Goliaths and populists

Matt Stoller’s Goliath: The 100 year war between monopoly and democracy ended up being a different book from the one I’d expected: I thought it was going to be about (lack of) competition in digital markets but in fact it’s a broader economic/political economy history of 20th century America in terms of the ebb and flow of the power of big business. Anti-trust policy is just one part of the story.

It’s an interesting story, one of the steady accumulation of economic and political power in a few hands, interrupted periodically by a decisive political, often populist, reset in favour of the small farmer or business (occasionally even the consumer). It’s also a story told from an anti-big business perspective, based on an analysis of the corruption of political power by accumulated money; which is fine, but it does make it a binary tale of heroes and villains. This includes one hero I hadn’t heard of before, Representative Wright Patman, a long-serving congressman on the side of the little people over the decades.

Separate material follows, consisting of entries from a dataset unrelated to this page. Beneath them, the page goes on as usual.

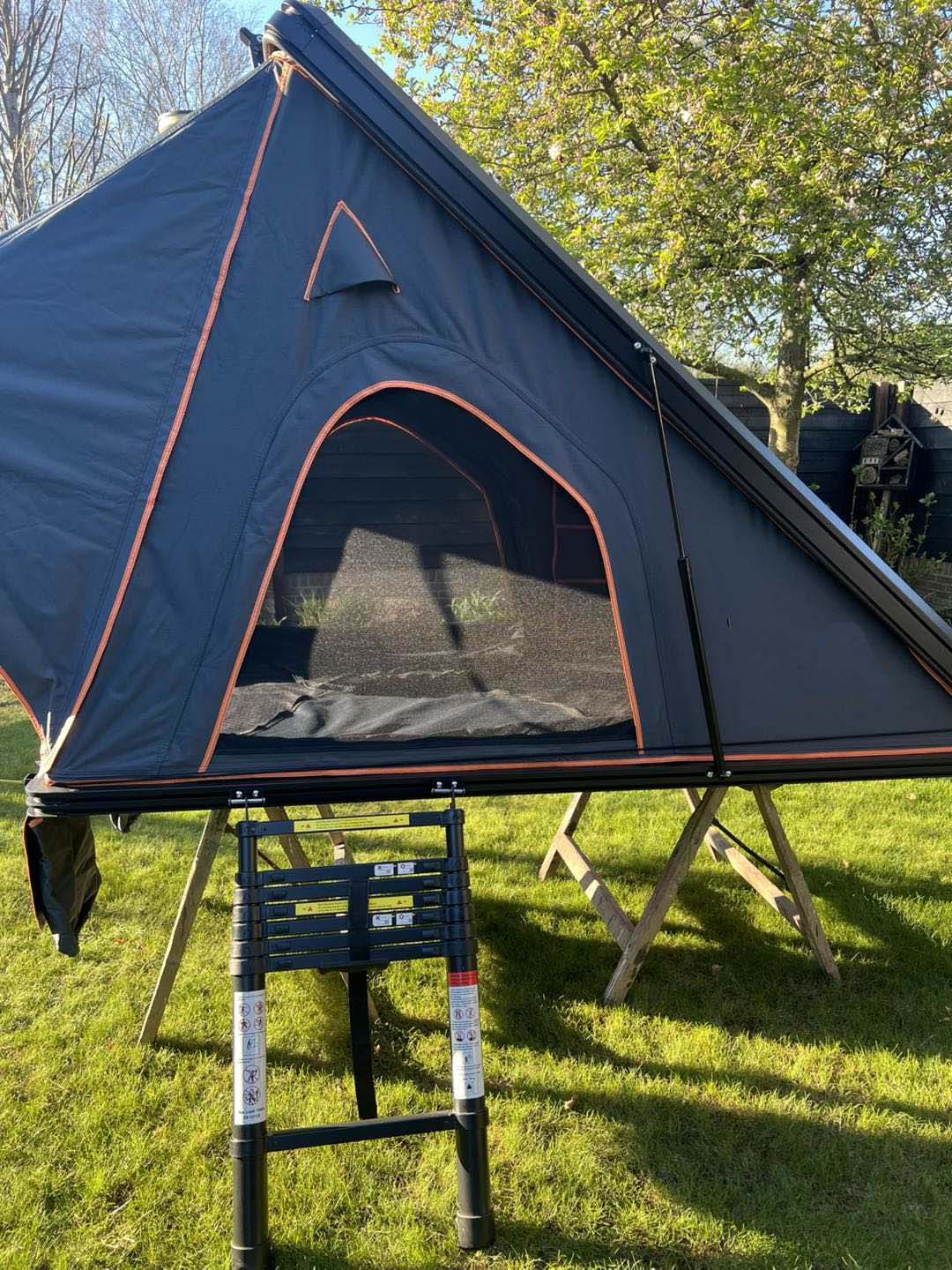 Tenda da tetto per auto fuoris - Roof Top Tent Ladder Telescopic recensione e prezzo
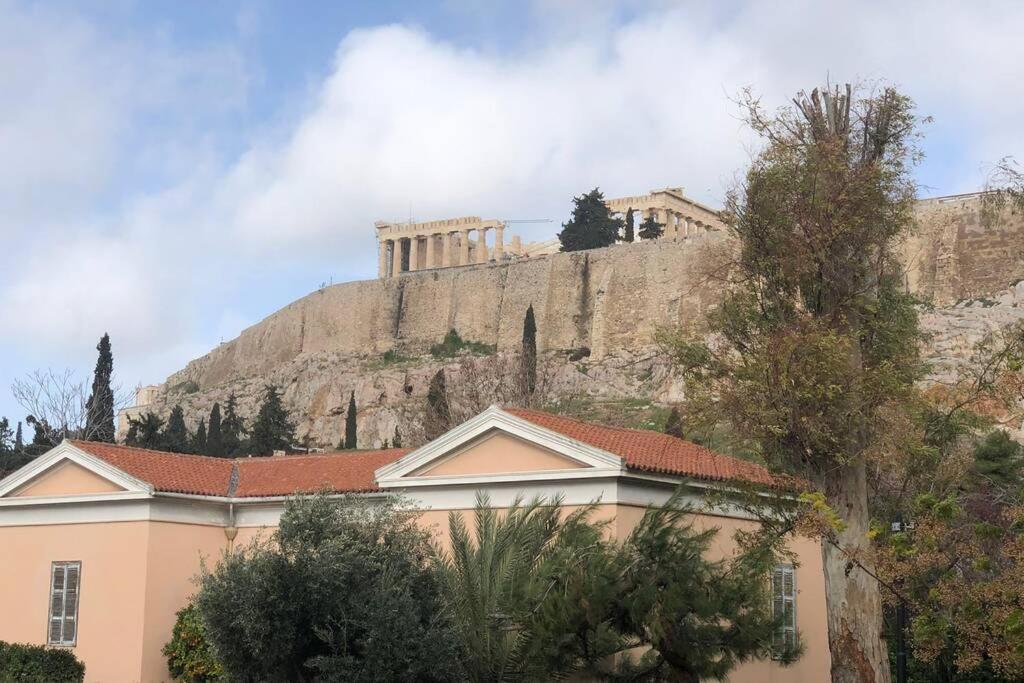 Acropolis View Huge Apartment - Centrally Located Афины Экстерьер фото
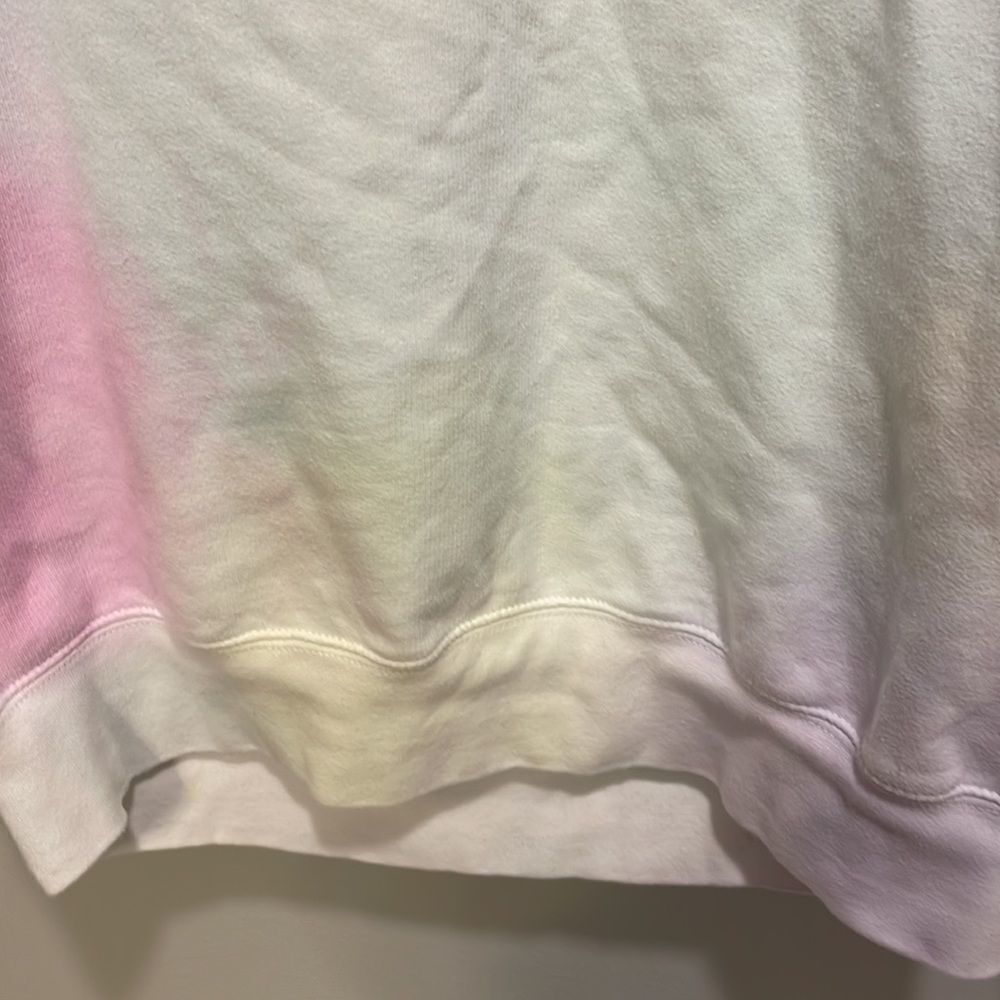 Nwot Friends tie dye woman’s sweatshirt - Picture 5 of 11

And some surprising villains. Chief among them is J.K. Galbraith, for his love of technocracy and big enterprises – after all it’s easier to direct an economy of big firms than little ones, and he was responsible for implementing price controls during the war. Galbraith wrote: There must be some element of monopoly in an industry if it is to be progressive.” He saw small firms and farmers as inherently conservative. Other public intellectuals such as Richard Hofstadter shared the perspective of small business being reactionary and inefficient, so the liberals become the corporatists – in contrast to the 1920s and 30s when those on the left (to be anachronistic about it) were standing up for the small guy. Thus, “Politics was no longer an avenue for structuring society but rather a means of ratifying what technologically driven organizations already saw as an optimal arrangement,” Stoller writes of the revival of corporatism in the 60s and 70s.

There are unsurprising villains too, of course, from Carnegie, Morgan and Mellon to Citibank’s Walter Wriston reviving the power of the financial sector by successfully unravelling the financial regulation that had been constraining the big banks since the Depression. Indeed, my big takeaway from the book was the need to constrain big finance, far more than big tech or big anything else.

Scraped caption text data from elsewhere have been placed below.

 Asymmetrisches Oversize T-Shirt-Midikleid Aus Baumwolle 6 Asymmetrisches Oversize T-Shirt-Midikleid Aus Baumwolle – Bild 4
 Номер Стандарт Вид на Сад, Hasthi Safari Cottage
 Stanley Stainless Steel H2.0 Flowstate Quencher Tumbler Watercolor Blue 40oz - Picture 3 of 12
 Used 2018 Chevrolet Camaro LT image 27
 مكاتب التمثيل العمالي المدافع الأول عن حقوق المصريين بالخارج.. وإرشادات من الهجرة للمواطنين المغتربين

One of the interesting things about the long-run perspective is the way it makes clear the pendulum in policy, from populist anti-big business to pro-big business phases in either oligarchic or corporatist modes. As a history of the US economy through this lens, Goliath is very stimulating. It is very US-centric, however – and this focus carries over into today’s debate about anti-trust or indeed other areas of economic policy. America matters, particularly in digital markets for obvious reasons, but it is also highly distinctive.

Trying to think through the extent to which the small guy/big business pendulum carries over to the UK or elsewhere in Europe, I concluded that it does to a degree. We had conglomeration in the 60s and 70s too. But in recent times European anti-trust practice has differed greatly from the US – I’m open to correction as this is a question of institutional history but I don’t think European competition authorities ever went the full Chicago School. (Just as inequality has increased everywhere but only the US is truly back to the Gilded Age.)

All this is by way of saying Goliath is well worth a read, bearing in mind its firmly – proudly – slanted perspective. It has all kinds of detail I didn’t know. I found its contrarian view about Galbraith, aligning him with Peter Drucker for example, absolutely fascinating & am still mulling over the relationship between technocracy and scale.